コミュニカティブ・アプローチへの転換には、おそらく意識を鍛えるという発想から無意識を含めて鍛えようという発想の転換があったように思います。たとえ教えていない言葉であっても、状況から生徒はその新しい言葉を理解するものです。それはとても重要なことです。言語習得は無意識の領域で生成する創造的なものです。

さて、生け花です。

なぜ、海外の生け花はこれほどレベルが低いのか?

日本には数千の花道流派が存在するようですが、この問題をきちんと考えているところは存在しないように思います。私の論考が注目されることも当面なさそうです。

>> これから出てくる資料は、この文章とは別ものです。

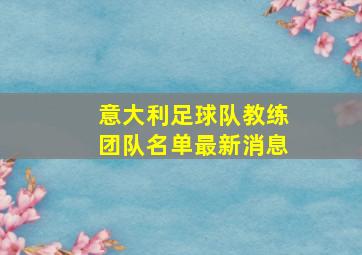 意大利足球队教练团队名单最新消息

ふと思うのは、生け花の指導において、学校英語的な指導がなされているのではないか、ということ。型とかデザインとか意識のレベルで認知できることを指導することが中心なのではないでしょうか。

英語教育の目標は、言葉を覚えることではなくて、言葉を使って何が実際にできるかだ、とはっきりしてから指導方法が変わっていったのです。意識レベルの学習から、無意識を含む全人的な学習へ、と。

生け花では、花を使って瞑想できるか否か、その結果が作品になるのです。無意識の働きが大きく関わってきます。さらに突き詰めるなら、生け花の目的は、デザインの優れた作品を作ることというよりも、花を通じて瞑想を深めることなのです。意識から無意識へと焦点を転換させなければいけません。

ところが、海外においては瞑想ということができていないように思います。外国人の多くは生け花を意識の次元で解釈し、まるで西洋フラワーアレンジメントの延長として、デザインの問題として学ぼうとしているように思います。生け花風の作品は出てくるでしょうが、瞑想に基づく生命のある花は出てこないでしょう。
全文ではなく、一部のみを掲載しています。